In the narrative of this piece, Brownjohn creates an alternate world that speaks poignantly about the future. Bronnjohn’s future world has a distinct lack of natural spaces. There are no forests, significant patches of grass, or animals, even in captivity. It is the “final” rabbit living in England that the speaker is taking a group to see. Humankind has transformed the rabbit’s existence into a theme park-like attraction which brings large crowds. 

While the Brownjohn’s speaker is narrating the details of an alternate world, it is impossible to escape the parallels with our own.  It was his intent through this text to bring light to the declining populations of species and the prospect of losing those which are now taken for granted. 

To See the Rabbit by Alan Brownjohn

 

Summary of To See the Rabbit 

To See the Rabbit’ by Alan Brownjohn describes a speaker’s journey to look at the last living rabbit in England and the disappointment upon his arrival. 

The poem begins with the speaker stating that “We” an undefined group or audience, is going to “see the rabbit.” His group reacts as if they are surprised, asking “which rabbit?” He goes on to explain that the final rabbit lives in a large complex on the final patch of grass. 

The following lines hype up the group’s expectations for what they are going to see. This all comes to a head after they spend time traveling to the site and finding out the rabbit has escaped. He has found a way out of his enclosure and is now buried under the earth waiting to be found again.

You can read the full poem To See the Rabbit here.

 

Analysis of To See the Rabbit 

Stanza One 

We are going to see the rabbit.
We are going to see the rabbit.
Which rabbit, people say?
(…)
We are going to see the rabbit
And we must be there on time.

The first stanza of this piece, which contains seventeen lines, begins with a series of repeated lines. Brownjohn’s speaker immediately addresses, “We,” presumably referring to the intended listener or listeners. He states that as a group, “We are going to see the rabbit.” This line is utilized twice, and then followed up by a question. It is clear the speaker finds these initial lines important, especially considering they are then used in the title. 

The following question asks, “Which rabbit?” This inquiry comes from the “people” who make up the general audience the poem is directed at. In the next line, “the children” pose this same question. Everyone who is listening to the speaker is unsure about where they are going or what rabbit they are going to see. While these first lines present the trip simply, it becomes more complicated in line six and seven. It turns out the “rabbit” is the “only rabbit in England.”

The poem takes a darker turn in the next lines with a description of where this animal is. It is, 

Sitting behind a barbed-wire fence

Under the floodlights, neon lights, 

It is clear from these details that the rabbit is something of a novelty.

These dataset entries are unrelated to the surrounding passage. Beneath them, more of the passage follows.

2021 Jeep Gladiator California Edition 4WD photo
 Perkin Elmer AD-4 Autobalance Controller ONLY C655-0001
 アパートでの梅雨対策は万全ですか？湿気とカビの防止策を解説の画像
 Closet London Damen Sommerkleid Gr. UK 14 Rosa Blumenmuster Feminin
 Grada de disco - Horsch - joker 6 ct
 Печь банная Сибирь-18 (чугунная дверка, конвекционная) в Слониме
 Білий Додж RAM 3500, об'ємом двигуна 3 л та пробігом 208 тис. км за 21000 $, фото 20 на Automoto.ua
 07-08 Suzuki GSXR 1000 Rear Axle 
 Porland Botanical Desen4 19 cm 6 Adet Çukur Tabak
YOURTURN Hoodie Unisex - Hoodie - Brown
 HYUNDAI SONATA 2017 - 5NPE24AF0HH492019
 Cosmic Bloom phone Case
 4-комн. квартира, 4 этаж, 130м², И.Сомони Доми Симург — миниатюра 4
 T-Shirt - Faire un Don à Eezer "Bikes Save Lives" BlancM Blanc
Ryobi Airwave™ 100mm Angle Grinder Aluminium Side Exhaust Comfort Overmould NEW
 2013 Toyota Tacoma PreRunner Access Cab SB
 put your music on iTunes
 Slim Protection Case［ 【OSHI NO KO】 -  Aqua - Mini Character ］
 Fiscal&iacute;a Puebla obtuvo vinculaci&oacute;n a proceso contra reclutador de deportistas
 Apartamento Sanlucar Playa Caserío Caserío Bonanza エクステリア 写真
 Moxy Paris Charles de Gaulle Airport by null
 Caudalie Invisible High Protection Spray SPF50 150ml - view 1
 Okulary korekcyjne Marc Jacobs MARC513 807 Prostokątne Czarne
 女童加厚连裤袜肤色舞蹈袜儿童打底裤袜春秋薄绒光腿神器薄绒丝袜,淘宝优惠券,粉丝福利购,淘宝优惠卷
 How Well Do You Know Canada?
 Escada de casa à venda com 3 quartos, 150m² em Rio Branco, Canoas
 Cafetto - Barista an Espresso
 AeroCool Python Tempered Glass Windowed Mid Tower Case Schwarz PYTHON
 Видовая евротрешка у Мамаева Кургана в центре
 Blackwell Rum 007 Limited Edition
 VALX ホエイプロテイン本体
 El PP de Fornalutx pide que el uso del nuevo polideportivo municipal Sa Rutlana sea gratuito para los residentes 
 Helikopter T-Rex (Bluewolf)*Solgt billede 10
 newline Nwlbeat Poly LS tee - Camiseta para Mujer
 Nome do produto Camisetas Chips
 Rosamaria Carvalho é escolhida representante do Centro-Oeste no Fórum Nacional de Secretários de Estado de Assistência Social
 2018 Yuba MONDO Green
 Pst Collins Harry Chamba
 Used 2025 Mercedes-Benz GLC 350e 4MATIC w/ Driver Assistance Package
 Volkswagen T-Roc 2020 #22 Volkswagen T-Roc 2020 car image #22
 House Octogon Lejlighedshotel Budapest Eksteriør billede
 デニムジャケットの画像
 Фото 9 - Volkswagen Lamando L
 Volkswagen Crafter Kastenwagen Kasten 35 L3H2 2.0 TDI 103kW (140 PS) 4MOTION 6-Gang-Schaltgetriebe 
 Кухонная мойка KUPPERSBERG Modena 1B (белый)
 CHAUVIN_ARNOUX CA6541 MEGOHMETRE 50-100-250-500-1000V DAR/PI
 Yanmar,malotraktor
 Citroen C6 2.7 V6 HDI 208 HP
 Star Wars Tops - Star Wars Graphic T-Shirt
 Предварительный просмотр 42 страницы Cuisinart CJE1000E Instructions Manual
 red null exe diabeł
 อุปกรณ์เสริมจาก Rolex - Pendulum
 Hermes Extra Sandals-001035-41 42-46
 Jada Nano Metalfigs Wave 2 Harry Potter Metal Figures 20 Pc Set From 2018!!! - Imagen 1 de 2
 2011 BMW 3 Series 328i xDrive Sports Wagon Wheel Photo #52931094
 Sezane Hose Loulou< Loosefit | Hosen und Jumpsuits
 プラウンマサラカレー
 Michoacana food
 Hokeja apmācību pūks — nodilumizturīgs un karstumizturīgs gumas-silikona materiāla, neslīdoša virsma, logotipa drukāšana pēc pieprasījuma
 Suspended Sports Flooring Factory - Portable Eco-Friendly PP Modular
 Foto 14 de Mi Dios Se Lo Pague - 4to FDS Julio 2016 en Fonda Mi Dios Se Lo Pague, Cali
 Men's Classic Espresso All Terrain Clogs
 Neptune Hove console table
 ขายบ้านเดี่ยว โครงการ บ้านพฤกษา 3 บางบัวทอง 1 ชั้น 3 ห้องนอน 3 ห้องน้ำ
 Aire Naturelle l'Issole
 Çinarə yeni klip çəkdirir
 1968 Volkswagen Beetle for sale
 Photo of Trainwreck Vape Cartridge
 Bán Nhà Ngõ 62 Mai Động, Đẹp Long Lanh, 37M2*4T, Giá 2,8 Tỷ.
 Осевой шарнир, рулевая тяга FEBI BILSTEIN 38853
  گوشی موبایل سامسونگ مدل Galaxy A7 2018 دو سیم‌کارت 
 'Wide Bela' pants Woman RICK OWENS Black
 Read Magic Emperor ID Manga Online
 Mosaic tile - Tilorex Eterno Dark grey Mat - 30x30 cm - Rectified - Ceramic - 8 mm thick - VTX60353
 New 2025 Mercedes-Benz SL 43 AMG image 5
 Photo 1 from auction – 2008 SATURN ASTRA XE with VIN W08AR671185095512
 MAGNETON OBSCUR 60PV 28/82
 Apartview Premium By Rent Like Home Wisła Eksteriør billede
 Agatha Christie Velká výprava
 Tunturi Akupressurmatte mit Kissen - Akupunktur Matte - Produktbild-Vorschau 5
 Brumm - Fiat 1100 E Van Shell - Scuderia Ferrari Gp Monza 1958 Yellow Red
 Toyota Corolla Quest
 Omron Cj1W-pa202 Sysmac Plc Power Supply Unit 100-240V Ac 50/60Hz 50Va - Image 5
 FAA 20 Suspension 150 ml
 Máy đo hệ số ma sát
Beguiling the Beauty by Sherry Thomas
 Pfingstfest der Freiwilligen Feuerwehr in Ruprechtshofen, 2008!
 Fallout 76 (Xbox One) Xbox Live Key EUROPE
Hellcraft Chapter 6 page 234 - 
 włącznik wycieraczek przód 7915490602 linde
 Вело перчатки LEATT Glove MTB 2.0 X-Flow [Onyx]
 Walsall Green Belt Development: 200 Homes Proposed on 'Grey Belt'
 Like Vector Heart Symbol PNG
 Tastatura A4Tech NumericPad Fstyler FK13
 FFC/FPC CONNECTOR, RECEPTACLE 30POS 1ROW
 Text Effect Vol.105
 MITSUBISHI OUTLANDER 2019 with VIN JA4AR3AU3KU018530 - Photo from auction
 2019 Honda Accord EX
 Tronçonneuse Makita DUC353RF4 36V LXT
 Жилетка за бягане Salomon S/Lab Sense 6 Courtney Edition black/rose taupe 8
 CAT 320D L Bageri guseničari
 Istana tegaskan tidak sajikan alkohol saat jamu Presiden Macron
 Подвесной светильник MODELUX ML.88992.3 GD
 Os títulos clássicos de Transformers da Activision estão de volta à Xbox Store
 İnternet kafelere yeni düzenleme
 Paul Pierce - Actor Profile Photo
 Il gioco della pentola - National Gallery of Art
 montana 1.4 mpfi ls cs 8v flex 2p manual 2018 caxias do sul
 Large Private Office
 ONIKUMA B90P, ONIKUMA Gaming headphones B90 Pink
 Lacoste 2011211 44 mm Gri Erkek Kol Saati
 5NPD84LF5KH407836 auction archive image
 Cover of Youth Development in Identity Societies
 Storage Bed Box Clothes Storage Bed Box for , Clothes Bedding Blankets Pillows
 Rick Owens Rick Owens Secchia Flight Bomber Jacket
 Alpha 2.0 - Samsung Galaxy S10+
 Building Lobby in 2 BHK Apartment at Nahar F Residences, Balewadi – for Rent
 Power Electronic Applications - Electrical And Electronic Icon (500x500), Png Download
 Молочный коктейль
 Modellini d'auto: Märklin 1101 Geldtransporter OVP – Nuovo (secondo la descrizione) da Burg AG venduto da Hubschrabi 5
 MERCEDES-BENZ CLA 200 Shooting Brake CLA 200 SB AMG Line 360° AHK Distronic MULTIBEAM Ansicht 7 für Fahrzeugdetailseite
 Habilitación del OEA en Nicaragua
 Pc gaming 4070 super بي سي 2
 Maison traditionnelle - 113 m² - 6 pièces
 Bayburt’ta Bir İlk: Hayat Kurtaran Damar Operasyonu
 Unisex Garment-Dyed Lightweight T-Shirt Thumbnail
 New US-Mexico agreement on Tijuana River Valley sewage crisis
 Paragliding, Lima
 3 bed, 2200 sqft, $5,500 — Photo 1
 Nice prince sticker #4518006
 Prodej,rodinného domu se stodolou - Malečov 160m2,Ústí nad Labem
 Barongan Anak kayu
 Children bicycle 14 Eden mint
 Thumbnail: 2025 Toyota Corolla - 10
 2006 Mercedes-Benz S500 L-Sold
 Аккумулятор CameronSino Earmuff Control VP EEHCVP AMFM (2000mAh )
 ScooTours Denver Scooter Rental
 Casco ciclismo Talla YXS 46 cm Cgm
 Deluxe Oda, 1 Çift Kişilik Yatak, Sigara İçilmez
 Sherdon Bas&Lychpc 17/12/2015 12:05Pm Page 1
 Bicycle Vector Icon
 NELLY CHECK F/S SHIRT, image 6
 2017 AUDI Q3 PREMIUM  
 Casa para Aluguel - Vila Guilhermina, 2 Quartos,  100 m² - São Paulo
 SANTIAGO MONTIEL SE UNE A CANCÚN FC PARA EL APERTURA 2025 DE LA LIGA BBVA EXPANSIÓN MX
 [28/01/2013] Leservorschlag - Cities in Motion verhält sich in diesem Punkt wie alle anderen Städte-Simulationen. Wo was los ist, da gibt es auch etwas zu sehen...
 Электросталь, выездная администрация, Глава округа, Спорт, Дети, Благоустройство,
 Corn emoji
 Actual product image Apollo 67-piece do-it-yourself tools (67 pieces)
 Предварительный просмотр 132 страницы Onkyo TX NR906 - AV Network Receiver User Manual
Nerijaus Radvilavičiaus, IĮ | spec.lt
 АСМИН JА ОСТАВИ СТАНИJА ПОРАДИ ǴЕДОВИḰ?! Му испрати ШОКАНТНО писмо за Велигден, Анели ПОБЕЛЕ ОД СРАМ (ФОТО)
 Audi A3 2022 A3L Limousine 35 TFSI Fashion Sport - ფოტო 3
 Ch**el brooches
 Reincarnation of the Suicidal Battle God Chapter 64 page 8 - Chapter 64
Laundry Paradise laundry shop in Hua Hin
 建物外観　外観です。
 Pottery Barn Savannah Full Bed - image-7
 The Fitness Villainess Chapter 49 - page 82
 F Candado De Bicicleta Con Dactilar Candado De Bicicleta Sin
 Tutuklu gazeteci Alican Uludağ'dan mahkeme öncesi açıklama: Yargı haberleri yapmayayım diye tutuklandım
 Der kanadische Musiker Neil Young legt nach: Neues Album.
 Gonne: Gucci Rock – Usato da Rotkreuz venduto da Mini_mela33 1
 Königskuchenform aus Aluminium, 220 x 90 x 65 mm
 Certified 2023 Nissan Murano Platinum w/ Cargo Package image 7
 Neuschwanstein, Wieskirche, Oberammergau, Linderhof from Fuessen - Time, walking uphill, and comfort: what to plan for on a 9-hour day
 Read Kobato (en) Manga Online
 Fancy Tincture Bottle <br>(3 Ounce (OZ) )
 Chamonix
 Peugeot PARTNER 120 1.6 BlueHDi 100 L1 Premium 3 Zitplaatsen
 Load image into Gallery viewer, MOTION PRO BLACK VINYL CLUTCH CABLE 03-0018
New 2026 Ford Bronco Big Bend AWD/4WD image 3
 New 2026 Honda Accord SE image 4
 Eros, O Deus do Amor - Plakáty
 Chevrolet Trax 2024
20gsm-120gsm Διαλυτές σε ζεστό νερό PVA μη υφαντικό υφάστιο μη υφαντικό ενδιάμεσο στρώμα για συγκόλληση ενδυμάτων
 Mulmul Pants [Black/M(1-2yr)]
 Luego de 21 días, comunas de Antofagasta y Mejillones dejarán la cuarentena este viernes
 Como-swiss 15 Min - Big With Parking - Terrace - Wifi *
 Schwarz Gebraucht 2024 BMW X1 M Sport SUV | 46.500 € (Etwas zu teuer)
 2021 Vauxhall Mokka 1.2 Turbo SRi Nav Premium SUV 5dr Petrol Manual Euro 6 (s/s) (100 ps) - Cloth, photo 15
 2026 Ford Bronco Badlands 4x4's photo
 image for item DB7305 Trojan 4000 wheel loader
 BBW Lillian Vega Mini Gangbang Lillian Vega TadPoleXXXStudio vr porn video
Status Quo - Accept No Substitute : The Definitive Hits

As it is the last of its kind, it is being put on display and protected at the same time. It is an attraction and an absurd concept. The preceding questions now take on another meaning.

To increase the dark and depressing conditions of the animal’s life, the last lines of this section describe how it lives “On the only patch of grass.” This is the final “patch” in all of “England.” The speaker makes sure to add in the  parenthetical statement that there is other grass “by the hoardings.” 

He concludes this stanza by restating the group’s plan to “see the rabbit” and “be there on time.” 

 

Stanza Two 

First we shall go by escalator,
Then we shall go by underground,
(…)
And the last ten yards we shall have to go
On foot.

The second stanza contains only six lines and describes the initial movements “we” make to transit to the rabbit. First, “we go by escalator” and then by “underground,” or subway. The group travels next “by motorway” and then finally, “helicopter.” For the final “10 yards” everyone will go “On foot.” A reader should first take note of the use of enjambment in the final two lines of this section. It is as if the thought of walking, even ten yards, is strange and shocking. 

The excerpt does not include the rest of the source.